[Excerpts from a dataset]
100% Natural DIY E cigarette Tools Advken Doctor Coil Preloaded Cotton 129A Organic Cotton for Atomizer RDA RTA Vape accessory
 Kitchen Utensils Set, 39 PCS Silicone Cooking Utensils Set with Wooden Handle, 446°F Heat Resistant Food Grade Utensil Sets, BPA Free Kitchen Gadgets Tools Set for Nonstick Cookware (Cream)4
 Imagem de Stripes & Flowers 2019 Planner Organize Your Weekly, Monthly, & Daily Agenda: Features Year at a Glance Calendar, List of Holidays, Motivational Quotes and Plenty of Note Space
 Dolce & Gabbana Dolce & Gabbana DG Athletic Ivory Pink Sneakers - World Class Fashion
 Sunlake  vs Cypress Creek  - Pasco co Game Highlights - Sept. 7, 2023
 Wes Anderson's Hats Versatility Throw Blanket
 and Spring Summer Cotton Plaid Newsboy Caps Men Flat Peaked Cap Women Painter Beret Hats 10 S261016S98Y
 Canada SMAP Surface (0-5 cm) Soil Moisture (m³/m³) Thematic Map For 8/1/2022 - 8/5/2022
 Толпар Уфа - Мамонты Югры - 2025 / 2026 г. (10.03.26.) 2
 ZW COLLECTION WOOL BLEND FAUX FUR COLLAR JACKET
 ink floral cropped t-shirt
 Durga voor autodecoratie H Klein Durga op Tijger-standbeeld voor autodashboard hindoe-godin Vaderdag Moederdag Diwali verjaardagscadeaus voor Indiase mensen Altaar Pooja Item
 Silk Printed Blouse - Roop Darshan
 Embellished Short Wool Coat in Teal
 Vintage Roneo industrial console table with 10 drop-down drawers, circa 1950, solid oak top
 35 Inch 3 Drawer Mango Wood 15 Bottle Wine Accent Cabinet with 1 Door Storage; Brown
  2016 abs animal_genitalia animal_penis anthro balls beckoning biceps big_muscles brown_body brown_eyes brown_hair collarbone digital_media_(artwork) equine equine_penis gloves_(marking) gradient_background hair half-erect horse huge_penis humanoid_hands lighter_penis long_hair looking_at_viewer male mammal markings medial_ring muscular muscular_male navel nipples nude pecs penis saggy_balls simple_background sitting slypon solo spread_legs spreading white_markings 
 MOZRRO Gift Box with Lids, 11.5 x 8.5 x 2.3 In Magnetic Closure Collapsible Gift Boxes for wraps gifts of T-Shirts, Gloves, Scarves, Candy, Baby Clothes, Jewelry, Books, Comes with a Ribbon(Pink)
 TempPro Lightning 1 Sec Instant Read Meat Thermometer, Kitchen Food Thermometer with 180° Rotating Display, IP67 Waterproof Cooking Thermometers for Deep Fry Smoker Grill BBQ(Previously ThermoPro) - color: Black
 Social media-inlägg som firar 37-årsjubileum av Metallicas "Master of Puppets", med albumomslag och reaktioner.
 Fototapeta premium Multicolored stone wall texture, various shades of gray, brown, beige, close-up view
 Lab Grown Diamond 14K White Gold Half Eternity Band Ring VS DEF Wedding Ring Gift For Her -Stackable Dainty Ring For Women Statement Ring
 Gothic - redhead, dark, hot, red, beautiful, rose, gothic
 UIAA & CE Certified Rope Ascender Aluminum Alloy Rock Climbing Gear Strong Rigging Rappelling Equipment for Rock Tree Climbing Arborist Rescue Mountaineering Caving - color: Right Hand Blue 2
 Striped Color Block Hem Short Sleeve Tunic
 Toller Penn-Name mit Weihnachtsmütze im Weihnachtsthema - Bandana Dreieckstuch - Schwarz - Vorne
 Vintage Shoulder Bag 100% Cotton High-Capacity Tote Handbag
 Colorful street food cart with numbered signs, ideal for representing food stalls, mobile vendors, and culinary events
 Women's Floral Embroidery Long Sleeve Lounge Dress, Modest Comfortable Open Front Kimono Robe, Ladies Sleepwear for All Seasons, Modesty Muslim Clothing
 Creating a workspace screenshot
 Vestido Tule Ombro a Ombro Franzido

◆ To do
All of the records above are to be printed again exactly as they appear.

◆ Response to the exercise
100% Natural DIY E cigarette Tools Advken Doctor Coil Preloaded Cotton 129A Organic Cotton for Atomizer RDA RTA Vape accessory
 Kitchen Utensils Set, 39 PCS Silicone Cooking Utensils Set with Wooden Handle, 446°F Heat Resistant Food Grade Utensil Sets, BPA Free Kitchen Gadgets Tools Set for Nonstick Cookware (Cream)4
 Imagem de Stripes & Flowers 2019 Planner Organize Your Weekly, Monthly, & Daily Agenda: Features Year at a Glance Calendar, List of Holidays, Motivational Quotes and Plenty of Note Space
 Dolce & Gabbana Dolce & Gabbana DG Athletic Ivory Pink Sneakers - World Class Fashion
 Sunlake  vs Cypress Creek  - Pasco co Game Highlights - Sept. 7, 2023
 Wes Anderson's Hats Versatility Throw Blanket
 and Spring Summer Cotton Plaid Newsboy Caps Men Flat Peaked Cap Women Painter Beret Hats 10 S261016S98Y
 Canada SMAP Surface (0-5 cm) Soil Moisture (m³/m³) Thematic Map For 8/1/2022 - 8/5/2022
 Толпар Уфа - Мамонты Югры - 2025 / 2026 г. (10.03.26.) 2
 ZW COLLECTION WOOL BLEND FAUX FUR COLLAR JACKET
 ink floral cropped t-shirt
 Durga voor autodecoratie H Klein Durga op Tijger-standbeeld voor autodashboard hindoe-godin Vaderdag Moederdag Diwali verjaardagscadeaus voor Indiase mensen Altaar Pooja Item
 Silk Printed Blouse - Roop Darshan
 Embellished Short Wool Coat in Teal
 Vintage Roneo industrial console table with 10 drop-down drawers, circa 1950, solid oak top
 35 Inch 3 Drawer Mango Wood 15 Bottle Wine Accent Cabinet with 1 Door Storage; Brown
  2016 abs animal_genitalia animal_penis anthro balls beckoning biceps big_muscles brown_body brown_eyes brown_hair collarbone digital_media_(artwork) equine equine_penis gloves_(marking) gradient_background hair half-erect horse huge_penis humanoid_hands lighter_penis long_hair looking_at_viewer male mammal markings medial_ring muscular muscular_male navel nipples nude pecs penis saggy_balls simple_background sitting slypon solo spread_legs spreading white_markings 
 MOZRRO Gift Box with Lids, 11.5 x 8.5 x 2.3 In Magnetic Closure Collapsible Gift Boxes for wraps gifts of T-Shirts, Gloves, Scarves, Candy, Baby Clothes, Jewelry, Books, Comes with a Ribbon(Pink)
 TempPro Lightning 1 Sec Instant Read Meat Thermometer, Kitchen Food Thermometer with 180° Rotating Display, IP67 Waterproof Cooking Thermometers for Deep Fry Smoker Grill BBQ(Previously ThermoPro) - color: Black
 Social media-inlägg som firar 37-årsjubileum av Metallicas "Master of Puppets", med albumomslag och reaktioner.
 Fototapeta premium Multicolored stone wall texture, various shades of gray, brown, beige, close-up view
 Lab Grown Diamond 14K White Gold Half Eternity Band Ring VS DEF Wedding Ring Gift For Her -Stackable Dainty Ring For Women Statement Ring
 Gothic - redhead, dark, hot, red, beautiful, rose, gothic
 UIAA & CE Certified Rope Ascender Aluminum Alloy Rock Climbing Gear Strong Rigging Rappelling Equipment for Rock Tree Climbing Arborist Rescue Mountaineering Caving - color: Right Hand Blue 2
 Striped Color Block Hem Short Sleeve Tunic
 Toller Penn-Name mit Weihnachtsmütze im Weihnachtsthema - Bandana Dreieckstuch - Schwarz - Vorne
 Vintage Shoulder Bag 100% Cotton High-Capacity Tote Handbag
 Colorful street food cart with numbered signs, ideal for representing food stalls, mobile vendors, and culinary events
 Women's Floral Embroidery Long Sleeve Lounge Dress, Modest Comfortable Open Front Kimono Robe, Ladies Sleepwear for All Seasons, Modesty Muslim Clothing
 Creating a workspace screenshot
 Vestido Tule Ombro a Ombro Franzido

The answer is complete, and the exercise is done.